“I just thought it was best practice to always do a re-send.”
On the surface, the logic seems solid. Some people missed your email the first time. Why not give them another shot?
The problem is that routine resending isn’t actually best practice. It’s closer to the opposite.
This came up recently during a Power Hour. A client couldn’t understand why her overall open rate looked lower than her individual broadcast open rates. When we dug into her Kit account together, the answer was right there: she’d been resending her newsletter every week to everyone who hadn’t opened it within a few days.
Her initial send was getting over 50% open rates – genuinely strong numbers. But then that resend would go out to the non-openers, and only around 14% of those people would open it. When Kit combines both sends to calculate her overall rate, a beautiful 50% looks like more like 30-something percent.
But the more important issue isn’t how it looks in her dashboard. It’s how it looks to Gmail, Yahoo, and other inbox providers.
When you send an email to your whole list and 50% open it, inbox providers read that as a strong engagement signal. When you then send what is essentially the same email to the remaining half and only 14% open it, that’s a weak signal – and those providers are paying attention to both. Over time, a pattern of alternating strong and weak sends can quietly erode your sender reputation and hurt your email deliverability, meaning fewer of your emails make it to the inbox at all.
As I told my client, you’re getting more people opening your email, yes. But you’re sending a confusing signal to the people who actually control whether your emails land.

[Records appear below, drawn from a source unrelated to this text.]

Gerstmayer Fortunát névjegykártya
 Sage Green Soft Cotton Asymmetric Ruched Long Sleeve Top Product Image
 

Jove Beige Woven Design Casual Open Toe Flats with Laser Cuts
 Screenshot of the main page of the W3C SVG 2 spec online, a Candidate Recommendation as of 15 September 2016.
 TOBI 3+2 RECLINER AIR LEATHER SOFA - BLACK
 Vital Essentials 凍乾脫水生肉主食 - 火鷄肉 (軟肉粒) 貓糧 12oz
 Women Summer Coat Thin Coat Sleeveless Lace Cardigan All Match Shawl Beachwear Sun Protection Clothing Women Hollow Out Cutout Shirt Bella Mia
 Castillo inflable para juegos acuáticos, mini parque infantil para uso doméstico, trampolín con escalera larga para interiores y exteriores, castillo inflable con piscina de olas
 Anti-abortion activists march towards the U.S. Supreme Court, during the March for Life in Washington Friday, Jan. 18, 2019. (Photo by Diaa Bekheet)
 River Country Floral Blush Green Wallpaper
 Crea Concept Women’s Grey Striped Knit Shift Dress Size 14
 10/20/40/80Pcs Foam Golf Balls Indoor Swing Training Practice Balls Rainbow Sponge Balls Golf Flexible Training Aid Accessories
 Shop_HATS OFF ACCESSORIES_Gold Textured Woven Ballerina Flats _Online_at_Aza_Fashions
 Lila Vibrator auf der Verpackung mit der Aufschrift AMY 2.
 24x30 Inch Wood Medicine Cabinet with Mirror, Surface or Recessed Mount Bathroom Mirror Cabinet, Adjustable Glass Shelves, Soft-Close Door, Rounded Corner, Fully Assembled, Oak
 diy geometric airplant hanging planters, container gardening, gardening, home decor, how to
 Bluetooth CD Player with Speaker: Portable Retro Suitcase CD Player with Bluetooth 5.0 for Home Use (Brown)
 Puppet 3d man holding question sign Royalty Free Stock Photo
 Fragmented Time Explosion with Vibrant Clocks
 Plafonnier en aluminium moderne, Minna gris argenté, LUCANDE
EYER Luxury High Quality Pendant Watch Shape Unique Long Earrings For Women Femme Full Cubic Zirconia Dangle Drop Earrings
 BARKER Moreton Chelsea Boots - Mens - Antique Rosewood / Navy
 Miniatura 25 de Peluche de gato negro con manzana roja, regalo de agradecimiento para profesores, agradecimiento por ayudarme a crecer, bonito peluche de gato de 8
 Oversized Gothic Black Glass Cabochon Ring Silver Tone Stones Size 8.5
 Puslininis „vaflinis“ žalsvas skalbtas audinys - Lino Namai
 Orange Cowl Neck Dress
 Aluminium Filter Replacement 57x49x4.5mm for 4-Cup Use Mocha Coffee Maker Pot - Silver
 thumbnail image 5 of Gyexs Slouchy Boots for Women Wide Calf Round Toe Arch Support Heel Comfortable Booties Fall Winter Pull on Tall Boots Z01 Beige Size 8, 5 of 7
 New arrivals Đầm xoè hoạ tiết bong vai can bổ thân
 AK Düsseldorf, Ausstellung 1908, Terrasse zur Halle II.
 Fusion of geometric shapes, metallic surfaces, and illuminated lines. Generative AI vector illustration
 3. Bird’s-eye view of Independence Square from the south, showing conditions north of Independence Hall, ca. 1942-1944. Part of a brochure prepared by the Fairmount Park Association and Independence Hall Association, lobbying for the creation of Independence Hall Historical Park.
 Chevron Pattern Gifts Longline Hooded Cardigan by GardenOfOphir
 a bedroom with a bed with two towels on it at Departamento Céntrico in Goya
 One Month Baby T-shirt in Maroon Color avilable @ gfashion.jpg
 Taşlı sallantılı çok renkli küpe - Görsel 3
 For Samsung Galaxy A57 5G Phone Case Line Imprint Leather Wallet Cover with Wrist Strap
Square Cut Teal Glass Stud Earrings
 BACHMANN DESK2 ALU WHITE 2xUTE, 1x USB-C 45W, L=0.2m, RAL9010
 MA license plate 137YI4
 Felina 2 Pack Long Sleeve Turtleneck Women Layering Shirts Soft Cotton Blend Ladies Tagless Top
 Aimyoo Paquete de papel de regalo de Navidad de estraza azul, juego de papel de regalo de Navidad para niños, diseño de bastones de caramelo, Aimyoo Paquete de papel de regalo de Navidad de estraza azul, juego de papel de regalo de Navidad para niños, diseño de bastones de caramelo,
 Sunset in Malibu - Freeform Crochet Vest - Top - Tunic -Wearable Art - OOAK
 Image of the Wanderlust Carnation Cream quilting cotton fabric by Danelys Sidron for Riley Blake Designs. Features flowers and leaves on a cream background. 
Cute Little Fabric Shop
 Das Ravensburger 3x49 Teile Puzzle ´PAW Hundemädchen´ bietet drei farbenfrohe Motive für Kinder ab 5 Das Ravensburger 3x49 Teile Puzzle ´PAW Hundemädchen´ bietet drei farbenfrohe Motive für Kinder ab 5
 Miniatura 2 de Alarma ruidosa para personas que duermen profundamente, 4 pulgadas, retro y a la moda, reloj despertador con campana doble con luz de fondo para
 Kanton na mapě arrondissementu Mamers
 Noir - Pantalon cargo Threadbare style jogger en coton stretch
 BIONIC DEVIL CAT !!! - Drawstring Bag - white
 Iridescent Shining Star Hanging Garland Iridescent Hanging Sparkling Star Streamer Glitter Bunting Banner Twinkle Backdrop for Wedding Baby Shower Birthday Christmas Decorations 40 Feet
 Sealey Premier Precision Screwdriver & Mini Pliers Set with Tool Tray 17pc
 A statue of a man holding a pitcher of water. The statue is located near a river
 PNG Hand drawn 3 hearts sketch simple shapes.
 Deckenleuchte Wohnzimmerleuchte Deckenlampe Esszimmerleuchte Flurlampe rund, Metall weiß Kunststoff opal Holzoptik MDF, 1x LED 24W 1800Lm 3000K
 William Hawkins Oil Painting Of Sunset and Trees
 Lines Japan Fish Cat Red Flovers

The dopamine hit is real – and it’s the problem
I say this as someone who checks email stats way too often, both my own and my clients’. It’s a genuinely nice hit of dopamine to watch your open rate tick up after a resend. I completely understand the appeal.
But should you never resend?
When I posted my hot take posted my hot take about it on LinkedIn, the responses told me that I’d struck a nerve.
“I’ve wondered if you’re ‘supposed’ to resend to unopens but it feels so pushy and annoying that I just ignored it. Glad to hear it really IS pushy and annoying.”
“As a subscriber to many emails, I cannot possibly read them all, so I pick and choose what is most relevant at that time. If someone were to keep sending content that I intentionally did not open, I would be more inclined to unsubscribe.”
“If I didn’t read/reply to your newsletter the first time, then I have it flagged to read later or I’ve already deleted it. Either way, receiving it twice would be annoying!”
“Thanks for affirming my uneasiness about resending. I did it a few times last year, but started to feel weird about it.”
Then two thoughtful responses gently nudged me off my soapbox and reminded me to practice what I preach when working with my 1:1 email marketing clients, which is blending email marketing best practices with what works for your business.
(And to avoid one-size-fits-all advice.)
I reached out to the two people in that post who shared about why their clients sometimes do resend.
Email strategist, copywriter, and storyteller Toby Myles shared that one of her clients resends her newsletter the next day, changing only the subject line, and it often pays off in terms of sales:
“For the first send we’re seeing about 40% open rate and the 2nd send about 11% open rate. I do a monthly recap of metrics and while the 2nd email doesn’t always result in sales, sometimes it does.”
Marketing Strategist Kristi Mitchell told me:
“I’ve always told my clients it’s a good idea to send to non-openers, especially if they’re a client that doesn’t email that much, so like once a month emails.”
However, Kristi added that she doesn’t recommend this approach for her clients who send weekly or more frequent newsletters.
I’ve done it myself on occasion under specific circumstances, such as when I polling my subscribers in the fall or when I sent a promotional email last spring.
So as I come back to this idea of resending emails to people who didn’t open the first time, I’m brought back to the intent vs. impact framework.
What to ask yourself before resending a newsletter
“Why am I resending my newsletter to people who didn’t open it? What is the intent?”
- Is this time-sensitive or urgent information that your subscribers might miss out on?
- Was it a particularly relevant resource or piece of content?
- Was there an issue the first time you sent it and you want to make sure people actually received it?
- Am I trying to boost sales for a specific offer?
“What is the potential impact of resending newsletters?“
Then consider the experience you’re creating:
- Some subscribers could’ve missed it first time around and might welcome another opportunity to read it
- Others might’ve made an intentional choice not to engage, and now you’re overriding that choice
- Some could see duplicate emails before they’ve even opened the first one
- Your readers whose privacy settings blocked open tracking get penalized with redundant content
Resends to non-openers should be the exception
Rather than routine resending, put that energy into the initial send. A stronger subject line, a more compelling preview text, sending at a time that works better for your audience – these build your sender reputation rather than quietly working against it.
And if you do resend, make it the exception rather than the rule. Reserve it for the emails that genuinely warrant a second chance, not every newsletter as a matter of habit.
The question isn’t whether resending works. It’s whether it serves your subscribers – or just your metrics.